Location
- 9 Lothian Crescent Whitfield, Dundee, DD4 0SX Scotland 56°29′23″N 2°55′40″W﻿ / ﻿56.489719°N 2.927676°W

Information
- Type: State primary
- Local authority: Dundee City Council
- Head teacher: Nicola Jenkins
- Gender: Mixed
- Enrollment: 262
- Feeder to: Greenfield Academy

= Longhaugh Primary School =

Longhaugh Primary School is a co-educational non-denominational state primary school located in the Whitfield area of Dundee, Scotland. Managed by Dundee City Council, the school caters to children from nursery age up to Primary 7, drawing its pupil body primarily from the surrounding Whitfield and Fintry districts.

== Campus and architecture ==
In 2018, Longhaugh relocated into the newly constructed North East Campus, a £15.6 million purpose-built educational facility situated on Lothian Crescent. Designed by architectural firms Holmes Miller and Atelier Ten, the building features an energy-efficient A-rated EPC design built around a large central atrium. The school shares this expansive modern facility with St Francis RC Primary School and Quarry View Nursery School, integrating mainstream education, early years provision, and shared community sports facilities under a single roof.

The Longhaugh campus also hosts the Longhaugh Support Group (LSG), a local authority specialist provision unit that provides targeted, small-group support and tailored education plans for pupils with additional learning needs.

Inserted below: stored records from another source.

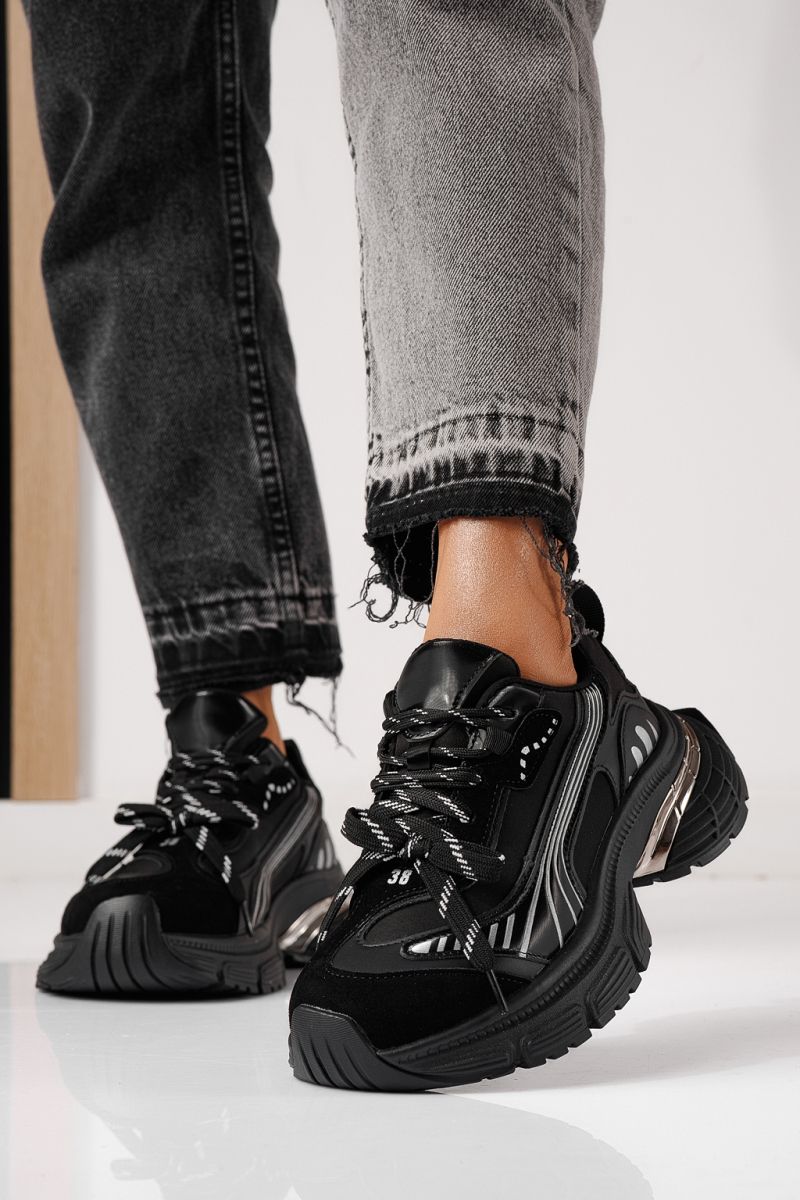 Adidasi dama negri din piele ecologica Denisa #24073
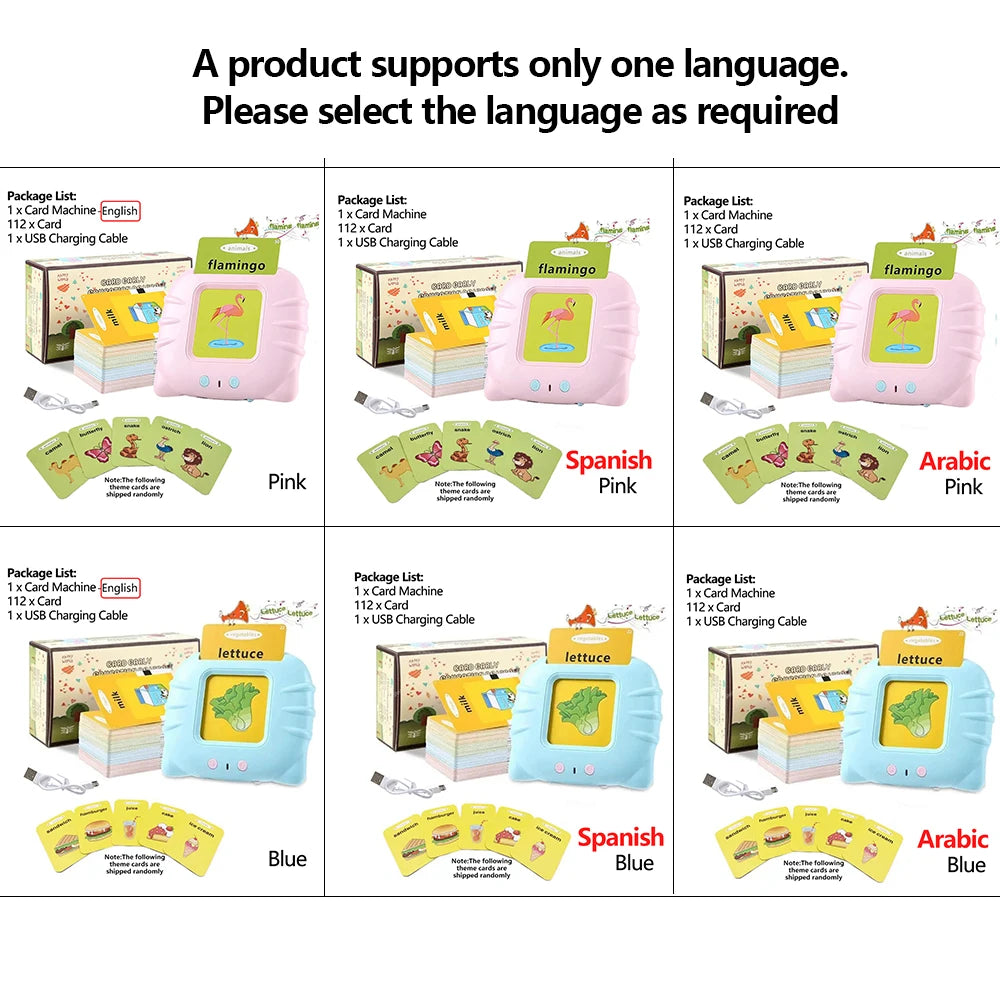 Early Education Flash Card Learning Toys Talking Flashcards for Kids Preschool English Electronic Audio Book Machine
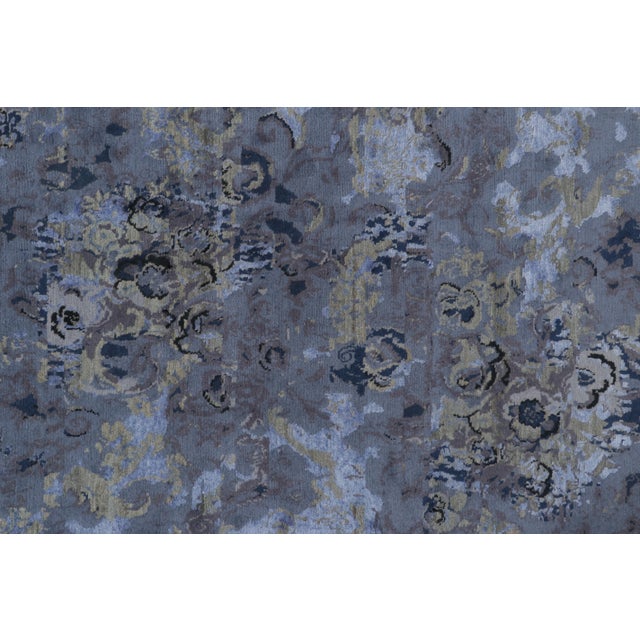 Rug & Kilim’s Distressed Modern Runner With Abstract Florals in Muted Blue & Green For Sale In New York - Image 6 of 10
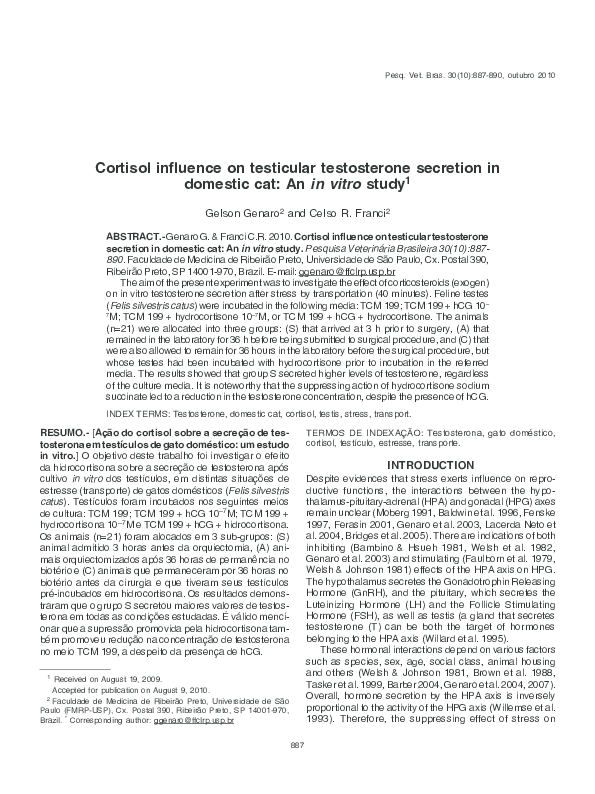 (PDF) Cortisol influence on testicular testosterone secretion in ...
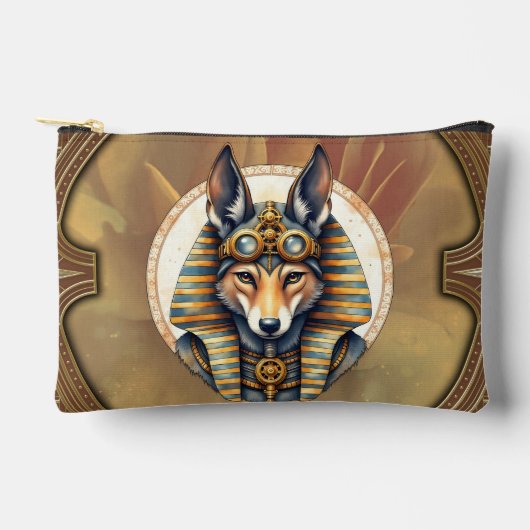 Steampunk Anubis Fox Portrait Zubehörtasche (Vorderseite)
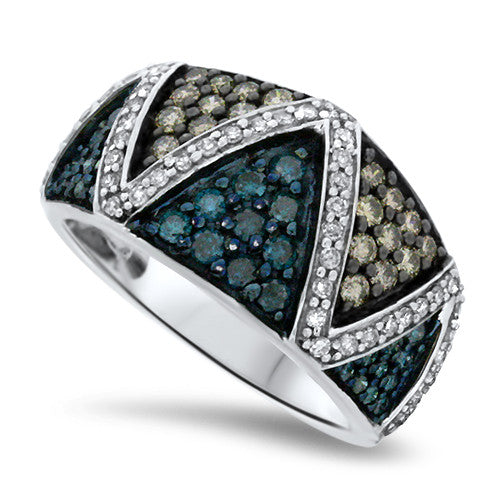 Blue, Chocolate, and White Diamond Ring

== Environmental initiatives ==
The school places a significant emphasis on environmental and outdoor education. In 2023, Longhaugh was selected as one of five institutions across the city to launch and lead the Dundee Nature Schools programme in partnership with NatureScot. Through this initiative, the school established "Nature Clusters", allowing pupils to explore STEM (Science, Technology, Engineering, and Mathematics) subjects outside the traditional classroom by utilising local natural environments and outdoor learning spaces.

== Secondary cluster ==
Following the completion of Primary 7, pupils at Longhaugh transition to Greenfield Academy for their secondary education. The school works collaboratively with the Greenfield staff to run structured transition programmes, ensuring students are socially and academically prepared to move into the much larger high school environment in S1.